Alaska governor signs bill to formally recognize federally recognized American Indian tribes

On July 28, 2022, Alaska Governor Mike Dunleavy (R) signed House Bill 123 (HB 123) into law, which would formally recognize 229 federally recognized American Indian tribes in Alaska. The bill was approved by the state legislature on May 17, 2022, before going to the governor’s desk.

“House Bill 123 codifies in law what Alaskans have long recognized: the important role that Native Tribes play in our past, present, and future,” said Gov. Dunleavy in a statement.

Rep. Tiffany Zulkosky (D-38), who sponsored the bill, called this action long overdue. “While the inherent sovereignty of Alaska Tribes has been consistently affirmed in Federal policy, in rulings by the Supreme Court, and by Executive Order in 2018, the signing of House Bill 123 provides formal recognition in statute for the first time in our State’s history,” she said.

HB 123 adds a section to Alaska state statute that recognizes federally recognized tribes. According to the U.S. Department of the Interior, a federally recognized tribe is “an American Indian or Alaska Native tribal entity that is recognized as having a government-to-government relationship with the United States, with the responsibilities, powers, limitations, and obligations attached to that designation, and is eligible for funding and services from the Bureau of Indian Affairs.”

Initially, the move for the state to recognize American Indian tribes in Alaska came from a ballot initiative that was intended to be placed on the 2022 ballot. The initiative was filed by Wáahlaal Gíidaak Barbara Blake, Chaa yaa eesh Richard Peterson, and La quen náay Liz on August 11, 2021. The Alaskans for Better Government PAC was registered in support of the measure. 

“With a respectful partnership we’ll have more ways to enhance the lives of Alaskans by streamlining services; partnering to amplify federal and state funding for deep, sustainable, and long-term impact; and tapping in to the 10,000 plus years of Indigenous brilliance, diversity, and knowledge of our Native homelands that so many now call home,” the Alaskans for Better Government campaign said, “The basis of any good relationship is respect, and too often when sovereign governments cannot work together our Tribal peoples disproportionately bear the price of injustice, diminishing equity, liberty, and freedoms for all.”

In Alaska, the initiative process for state statutes is indirect. This means that rather than a campaign submitting signatures to put the initiative directly on the ballot the initiative first goes to the state legislature. The state legislature then has a chance to approve or reject the measure. If the state legislature rejects the measure, the measure goes to the ballot for voters to decide.

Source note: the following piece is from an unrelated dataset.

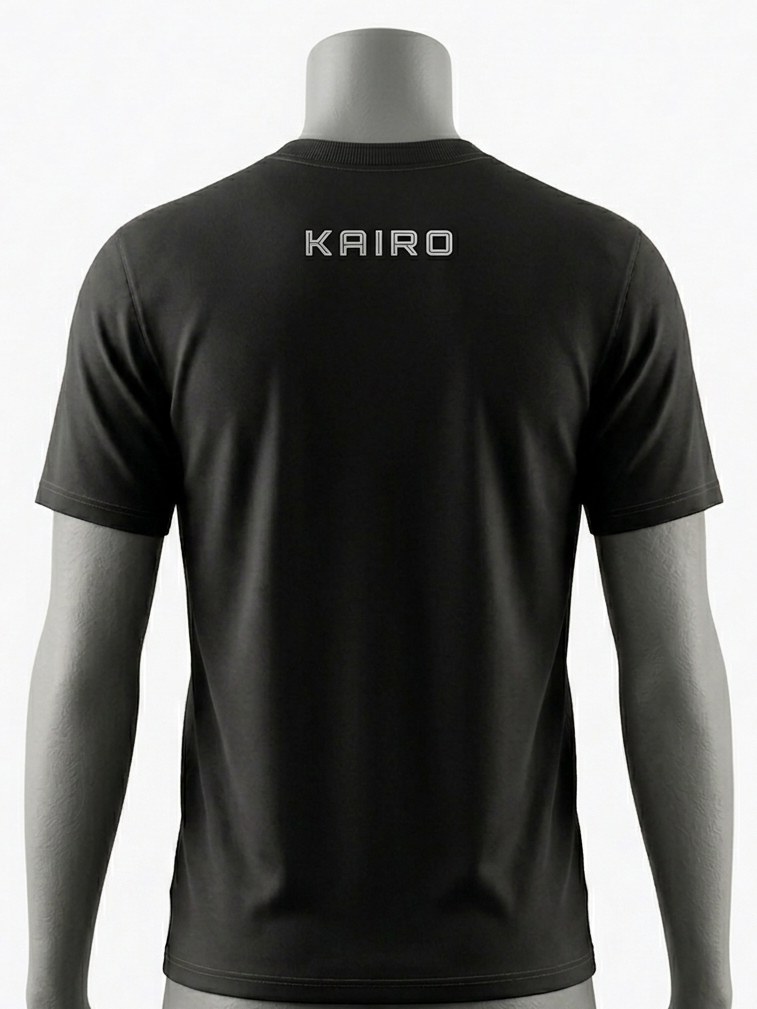 Black t-shirt with 'Kairo' branding on a mannequin against a white background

If the state legislature approves the measure, it goes to the governor’s desk for approval.

The Alaskans for Better Government campaign submitted 56,200 signatures on January 13, 2022. Of that total, 47,199 signatures were found to be valid on March 3, 2022. The number of required signatures to send the initiative to the state legislature was 36,140.

In 2021, several legislators introduced House Bill 123, which Alaskans for Better Government described as “functionally identical and… written to serve the same purpose” as the ballot initiative. Instead of considering the initiative, the state legislature approved HB 123 in May.

Since the measure was passed by the state legislature, it will not appear on the ballot but instead will go into effect immediately.

Alaska Federation of Natives President Julie Kitka called this formal recognition a ‘historic step’. 

“The cultural survival of our Indigenous people is dependent on our ability to maintain our values, practice our traditions, and maintain freedom to live our lives well with dignity and respect for each other,” she said. “We have strengthened our tribal governments and have initiated multiple efforts to continue our path to self-determination and self-governance. The formal recognition through this legislation is an historic step for us to have a successful relationship with the state.”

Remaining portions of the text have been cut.